Stacked Intelligent Metasurfaces for Multi-Modal Semantic Communications
Journal:
arXiv
Published Date:
Jun 14, 2025
Abstract
Semantic communication (SemCom) powered by generative artificial intelligence
enables highly efficient and reliable information transmission. However, it
still necessitates the transmission of substantial amounts of data when dealing
with complex scene information. In contrast, the stacked intelligent
metasurface (SIM), leveraging wave-domain computing, provides a cost-effective
solution for directly imaging complex scenes. Building on this concept, we
propose an innovative SIM-aided multi-modal SemCom system.
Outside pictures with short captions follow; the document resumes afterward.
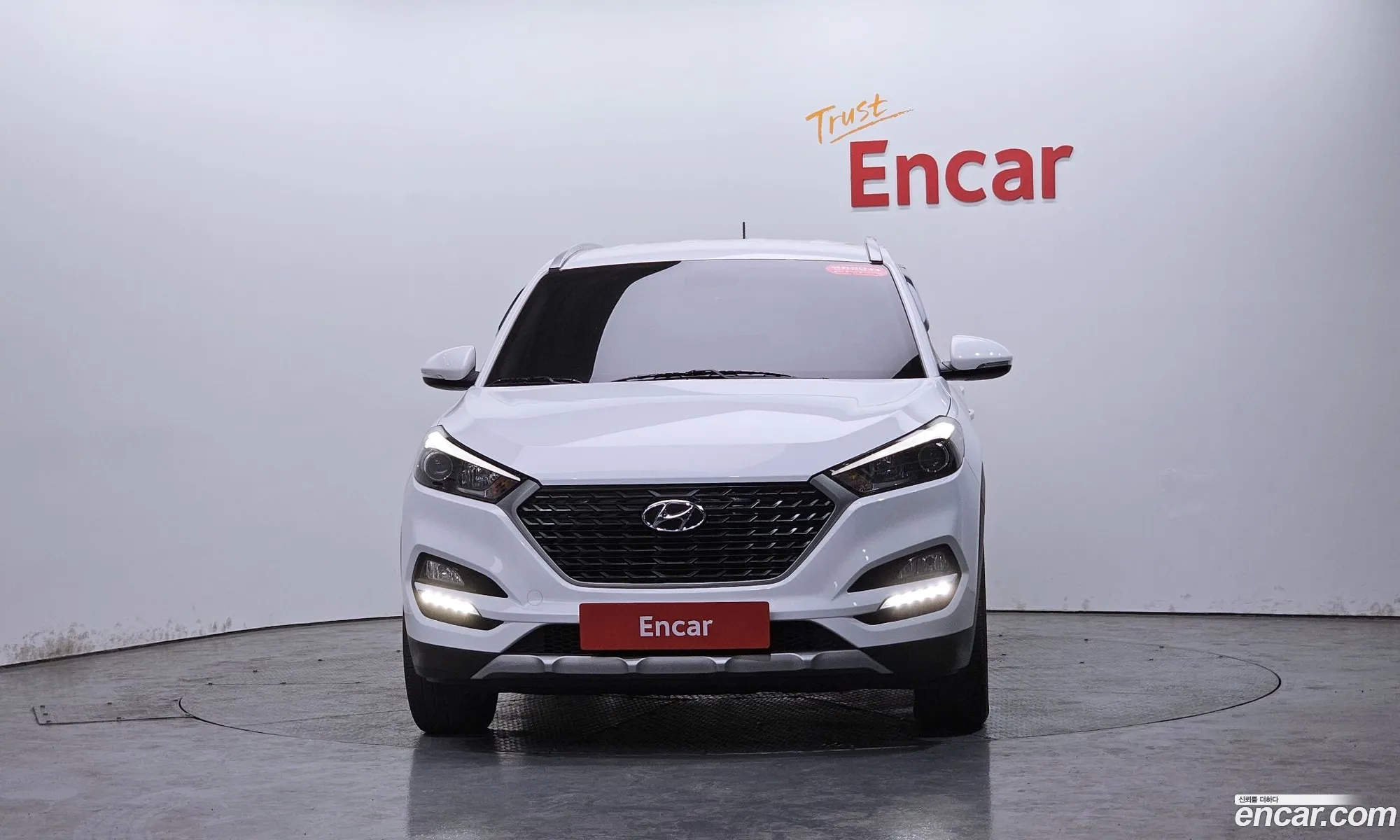 Hyundai Tucson 2017 KMHJ3812GJU602407 — 24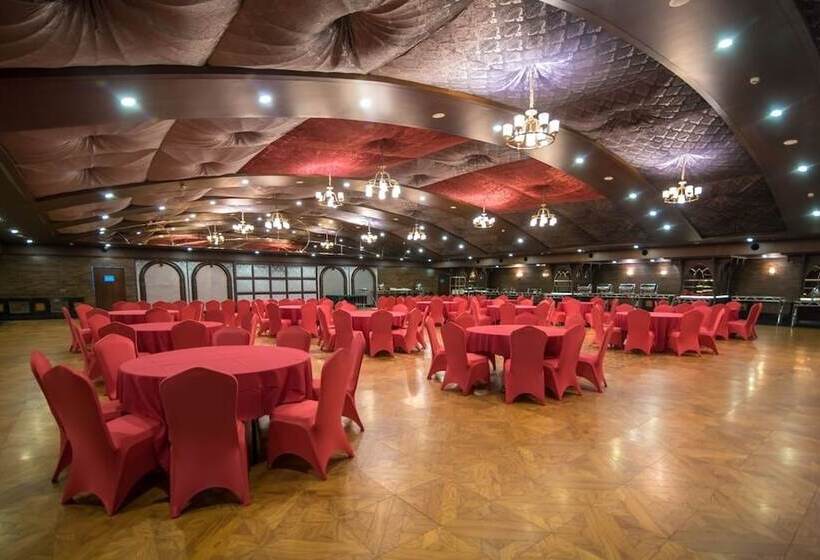 Shakun Hotels And Resorts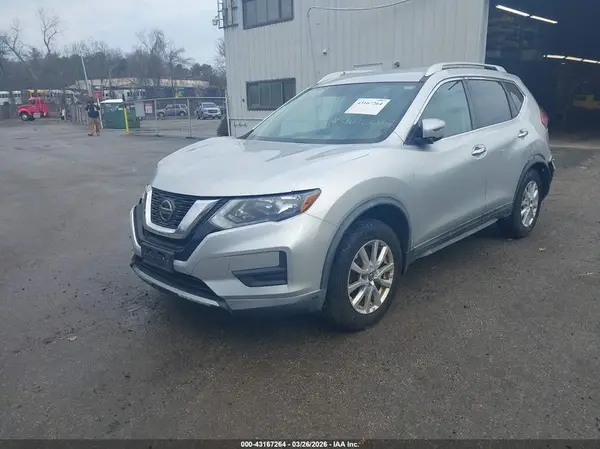 KNMAT2MV3JP577319 2018 NISSAN ROGUE - Image 2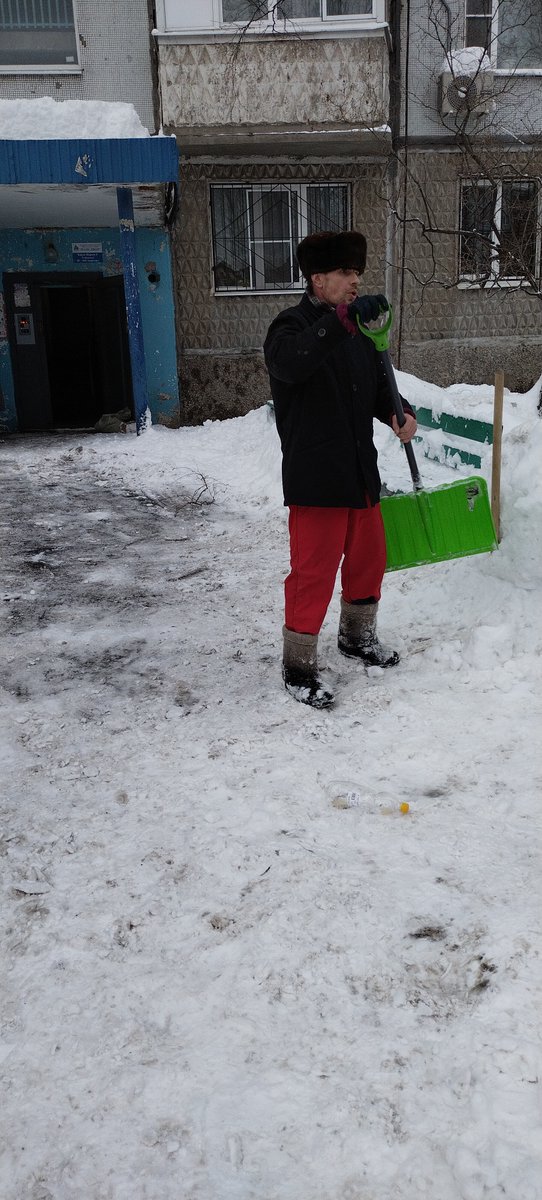 rWxiihregngwb4q's tweet image. Помог дворникам - живу человеком.
#чиcтота  #красота  #порядок  #самара  #зима  #снег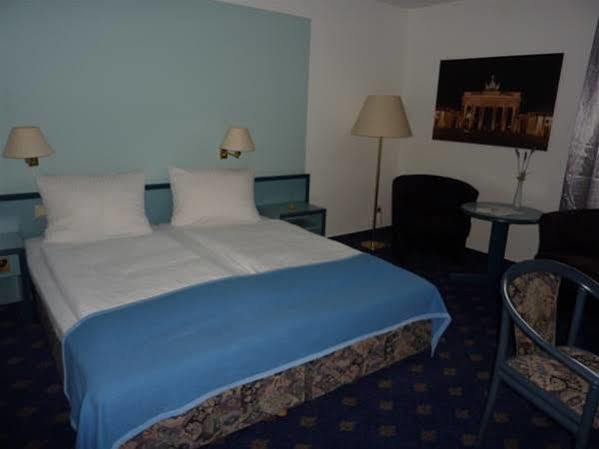 Hotel Novostar เกิตทิงเงน ภายนอก รูปภาพ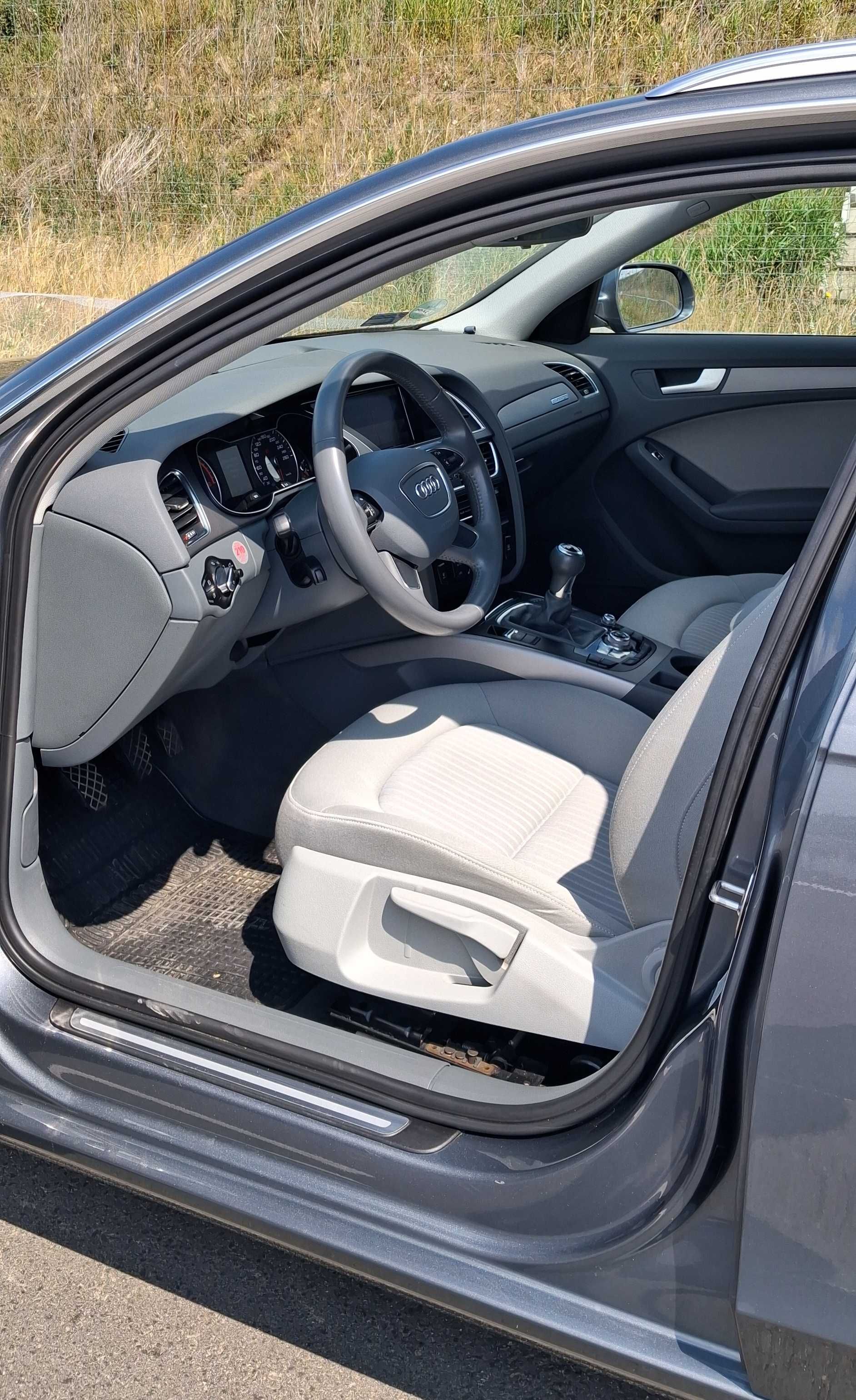 Audi A4 B8 2013r  2,0 TDI  177KM Quarto sprzedam.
Specifically, an SIM
is positioned in front of the transmit antenna for transmitting visual semantic
information of complex scenes via imaging on the uniform planar array at the
receiver. Furthermore, the simple scene description that contains textual
semantic information is transmitted via amplitude-phase modulation over
electromagnetic waves. To simultaneously transmit multi-modal information, we
optimize the amplitude and phase of meta-atoms in the SIM using a customized
gradient descent algorithm. The optimization aims to gradually minimize the
mean squared error between the normalized energy distribution on the receiver
array and the desired pattern corresponding to the visual semantic information.
By combining the textual and visual semantic information, a conditional
generative adversarial network is used to recover the complex scene accurately.
Extensive numerical results verify the effectiveness of the proposed
multi-modal SemCom system in reducing bandwidth overhead as well as the
capability of the SIM for imaging the complex scene.